Tomorrow is World Oceans Day. Today I am eating apricots. These small, pastel orange fruits always remind me of warm evenings at the beach. And, I’m not quite sure why (although I assume some higher level organic chemistry is involved), but the delightful taste produced when the sweetness of their flesh mixes with the saltiness of the air seems to provide me with the best circumstances for contemplating life. But, while one would probably assume that my current thoughts are organizing themselves into an exciting post in honour of this special day, the truth is, they’re not. Because I don’t really know what to say. Of course this dilemma is not for lack of want, or knowledge of the subject matter; it is because—for the first time in my life—I am trying to decide how I feel about the ocean. Well, not the ocean itself. More specifically, the future of the ocean. And how young fisheries scientists, like myself, fit in.
Last week I read Aldous Huxley’s Brave New World. OK, I’m exaggerating a bit. Last Wednesday, between 3:37 and 6:58 a.m., I read Aldous Huxley’s Brave New World. I couldn’t sleep. And since doing laundry at this time would probably have incurred the wrath of my fellow tenants (rightly so), I chose instead to make myself some tea (Crème Caramel de David), and hunker down with Hux.

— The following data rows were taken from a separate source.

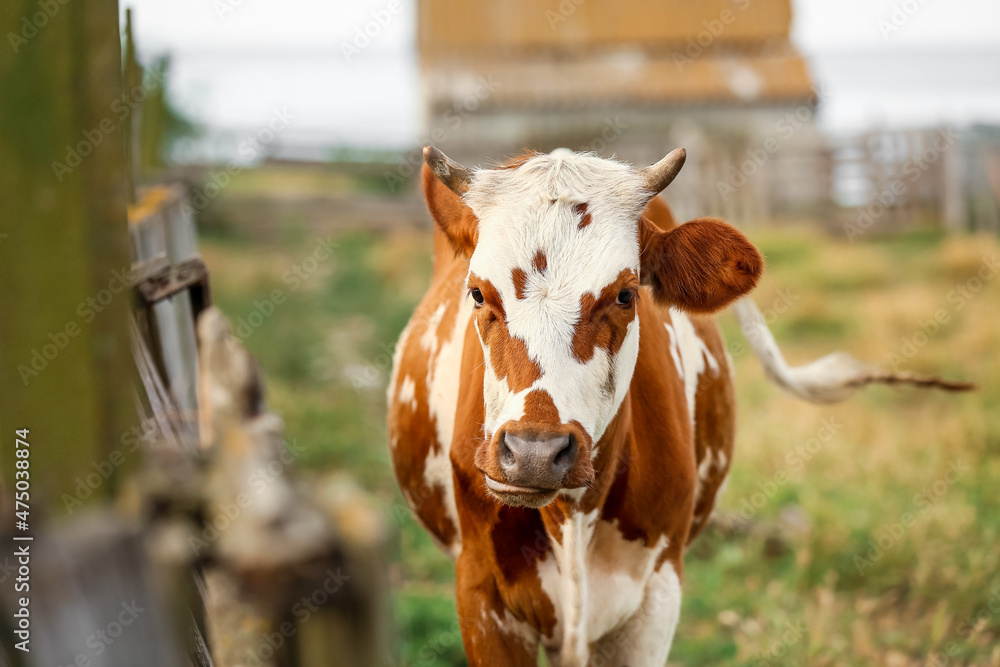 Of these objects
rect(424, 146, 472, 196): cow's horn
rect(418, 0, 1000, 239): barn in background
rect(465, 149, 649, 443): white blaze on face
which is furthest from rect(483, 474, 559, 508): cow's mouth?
rect(418, 0, 1000, 239): barn in background

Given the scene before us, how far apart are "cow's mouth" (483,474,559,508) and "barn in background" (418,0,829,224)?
40.8ft

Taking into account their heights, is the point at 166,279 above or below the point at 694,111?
above

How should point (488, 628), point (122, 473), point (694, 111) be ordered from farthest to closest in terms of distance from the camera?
point (694, 111) → point (488, 628) → point (122, 473)

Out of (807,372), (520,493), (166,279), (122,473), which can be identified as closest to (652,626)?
(520,493)

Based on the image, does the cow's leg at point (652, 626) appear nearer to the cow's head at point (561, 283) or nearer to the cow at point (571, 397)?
the cow at point (571, 397)

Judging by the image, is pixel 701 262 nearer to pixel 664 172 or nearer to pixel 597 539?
pixel 664 172

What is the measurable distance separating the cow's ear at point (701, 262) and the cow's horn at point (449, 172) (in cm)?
56

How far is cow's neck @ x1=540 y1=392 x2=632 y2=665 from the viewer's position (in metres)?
2.74

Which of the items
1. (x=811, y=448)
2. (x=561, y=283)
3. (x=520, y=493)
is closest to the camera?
(x=520, y=493)

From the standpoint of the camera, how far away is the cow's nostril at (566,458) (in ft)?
7.42

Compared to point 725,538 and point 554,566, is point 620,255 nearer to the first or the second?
point 554,566

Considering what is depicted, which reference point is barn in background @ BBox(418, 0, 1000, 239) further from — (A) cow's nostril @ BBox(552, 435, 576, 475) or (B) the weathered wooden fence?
(B) the weathered wooden fence

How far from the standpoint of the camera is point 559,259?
98.1 inches

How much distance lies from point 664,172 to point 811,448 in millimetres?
4822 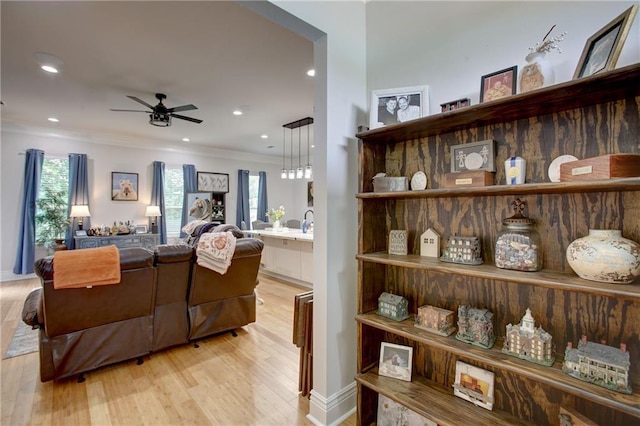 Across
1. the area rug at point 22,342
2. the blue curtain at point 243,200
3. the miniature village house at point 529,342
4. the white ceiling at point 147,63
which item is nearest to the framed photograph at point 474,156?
the miniature village house at point 529,342

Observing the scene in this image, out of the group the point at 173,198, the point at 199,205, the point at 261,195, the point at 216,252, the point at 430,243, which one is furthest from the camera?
the point at 261,195

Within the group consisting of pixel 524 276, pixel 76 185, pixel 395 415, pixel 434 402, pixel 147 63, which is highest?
pixel 147 63

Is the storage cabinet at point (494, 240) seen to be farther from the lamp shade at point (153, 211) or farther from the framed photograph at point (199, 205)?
Answer: the framed photograph at point (199, 205)

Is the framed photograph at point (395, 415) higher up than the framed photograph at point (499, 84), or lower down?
lower down

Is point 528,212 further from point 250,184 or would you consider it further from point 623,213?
point 250,184

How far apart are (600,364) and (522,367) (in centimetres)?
23

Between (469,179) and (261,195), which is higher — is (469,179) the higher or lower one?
the lower one

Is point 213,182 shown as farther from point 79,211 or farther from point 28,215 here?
point 28,215

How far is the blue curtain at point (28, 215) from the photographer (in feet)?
16.4

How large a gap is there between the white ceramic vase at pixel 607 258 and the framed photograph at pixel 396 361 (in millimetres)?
933

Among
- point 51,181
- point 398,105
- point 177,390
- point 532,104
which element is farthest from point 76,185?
point 532,104

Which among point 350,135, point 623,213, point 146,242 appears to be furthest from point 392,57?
point 146,242

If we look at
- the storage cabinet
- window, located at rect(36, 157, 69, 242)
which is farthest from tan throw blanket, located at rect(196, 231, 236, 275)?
window, located at rect(36, 157, 69, 242)

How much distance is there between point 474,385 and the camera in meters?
1.40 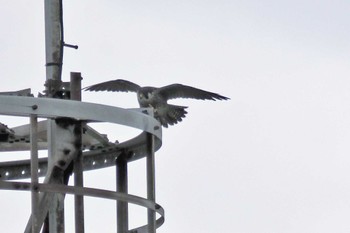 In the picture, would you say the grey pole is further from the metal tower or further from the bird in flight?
the bird in flight

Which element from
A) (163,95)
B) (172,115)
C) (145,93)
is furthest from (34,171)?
(163,95)

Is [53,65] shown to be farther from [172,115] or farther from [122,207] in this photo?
[172,115]

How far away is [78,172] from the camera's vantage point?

On second thought, maybe it wasn’t actually this serene and cozy. Upon reflection, it was actually more akin to a contemporary (and slightly feminine) version of Jekyll and Hyde. It went something like this:
11:06 – good job Laurenne, you’re in bed before midnight. You’re being so proactive about improving your sleep habits. Well done; you’re awesome; gold star.
11:44 – OK, why aren’t you asleep yet?
11:56 – does my dresser really have those weird grooves in it? What an odd pattern. I could design furniture. No you couldn’t, shut up.
12:08 – hmm, I am definitely not tired. It’s really raining hard outside. Did I leave my umbrella on campus again? I should get a spare. I wonder who invented the umbrella. Who cares, go to sleep.